▶ Task input
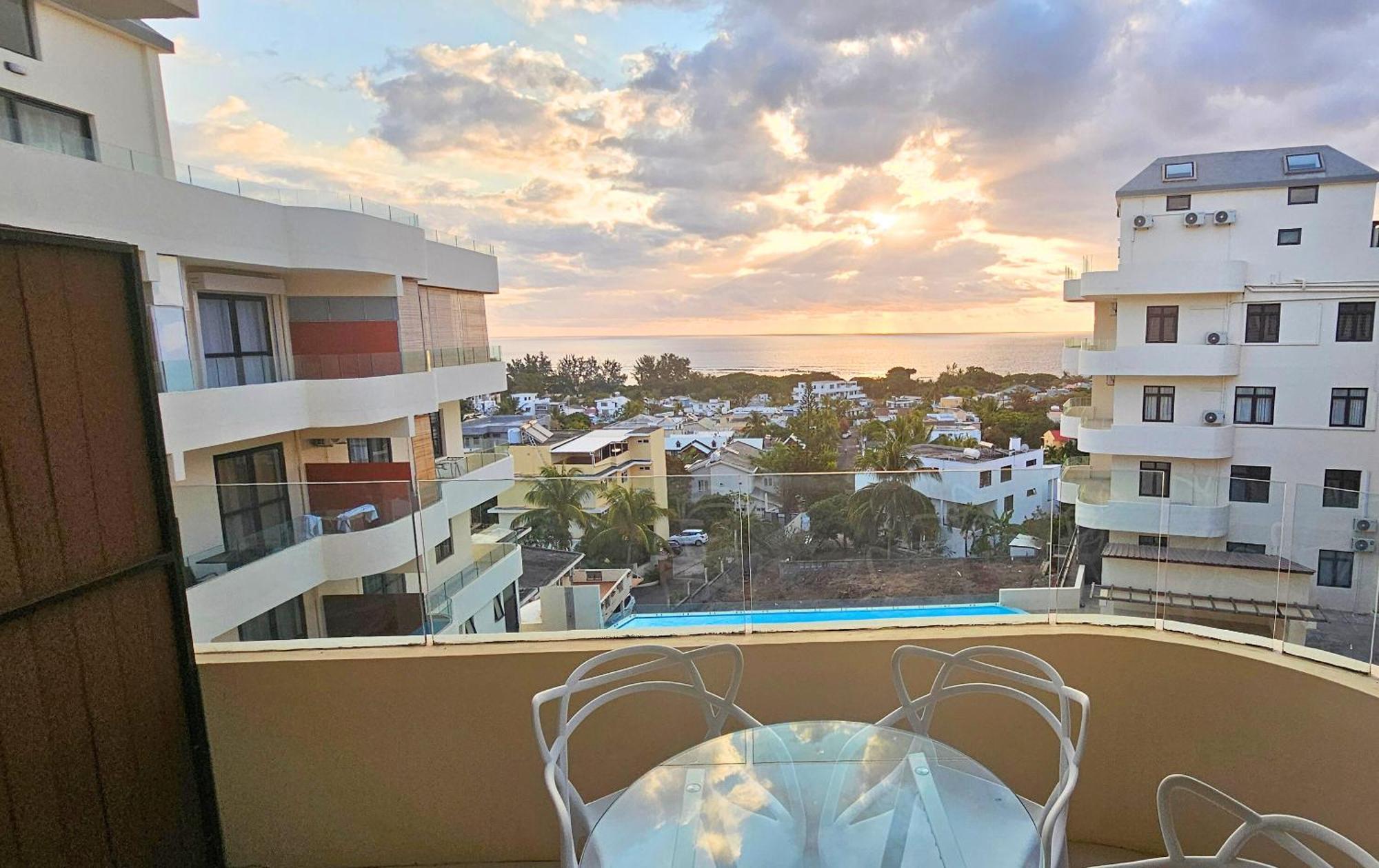 Apartment Zen Retreat With Stunning Sea Views And Sunsets Flic en Flac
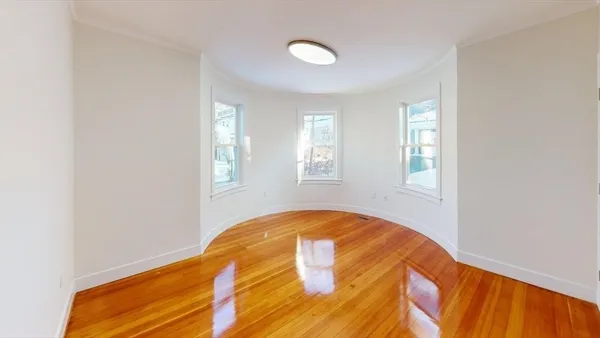 $3,800 | 391 Linwood Avenue, Unit 1, Newton, MA 02460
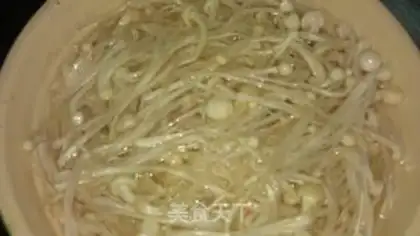 Make Black bean flavored golden needle fat beef step 1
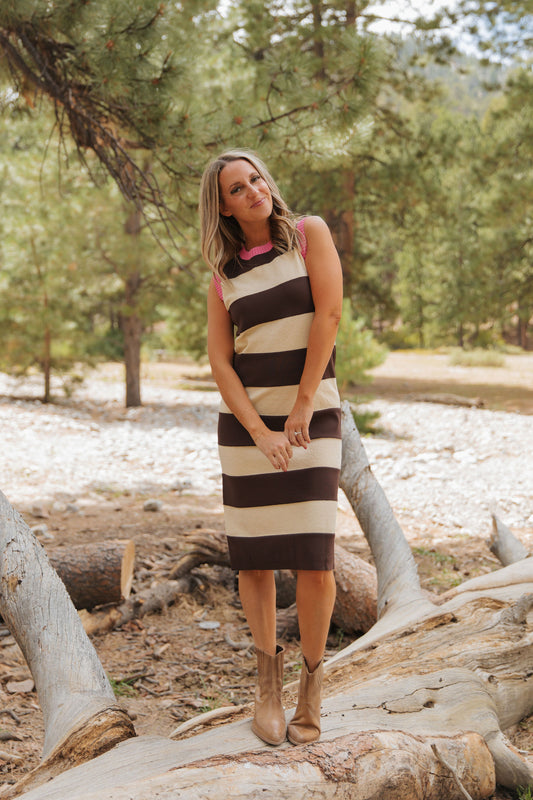 THE MAGGY SHEATH MIDI IN BROWN/CREAM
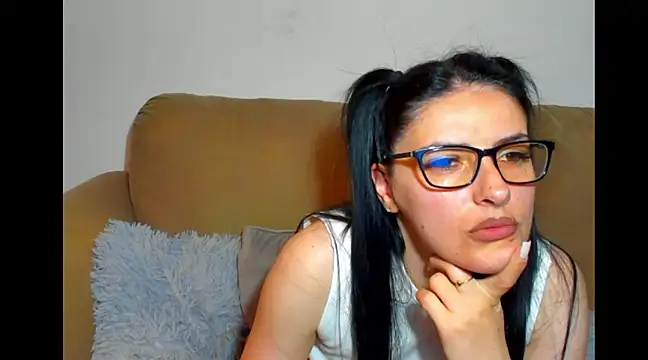 Snapshot of GlamourousKassy chatting on 03/14/25, 08:49 GlamourousKassy online show from 03/14/25, 08:49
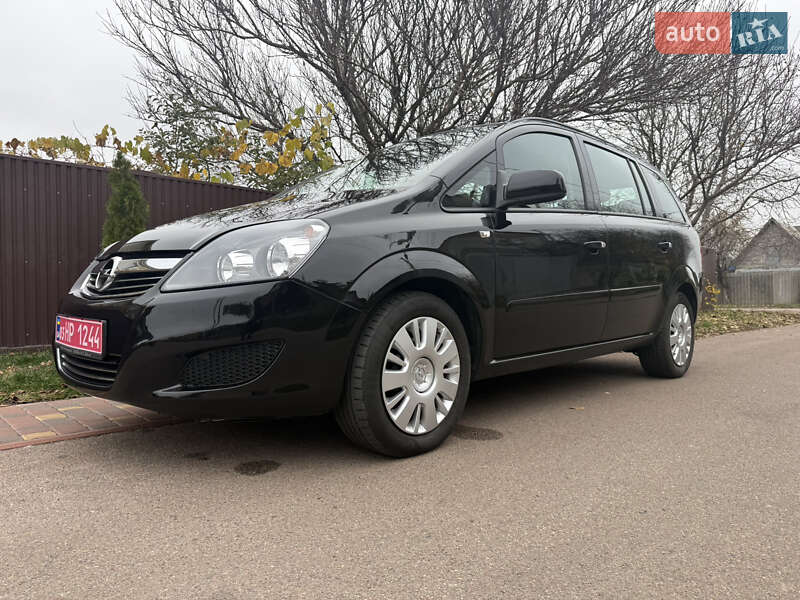 Минивэн Opel Zafira 2010 в Борисполе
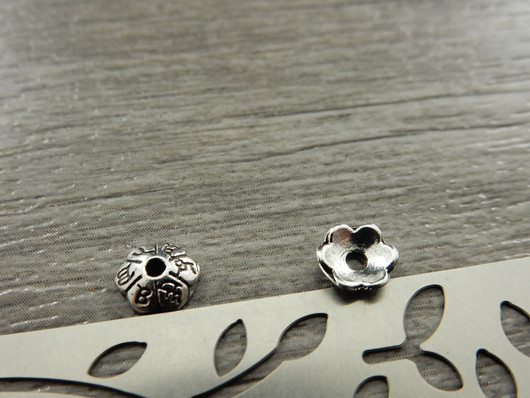 Helmihattu kukka, 6mm, kromi, 20kpl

▶ Prompt
When the line containing "Snapshot of GlamourousKassy" has been located, retype it and each line after it through the end of the records, excluding the pictures and adding nothing else.

▶ Answer to this exercise
 Snapshot of GlamourousKassy chatting on 03/14/25, 08:49 GlamourousKassy online show from 03/14/25, 08:49
 Минивэн Opel Zafira 2010 в Борисполе
 Helmihattu kukka, 6mm, kromi, 20kpl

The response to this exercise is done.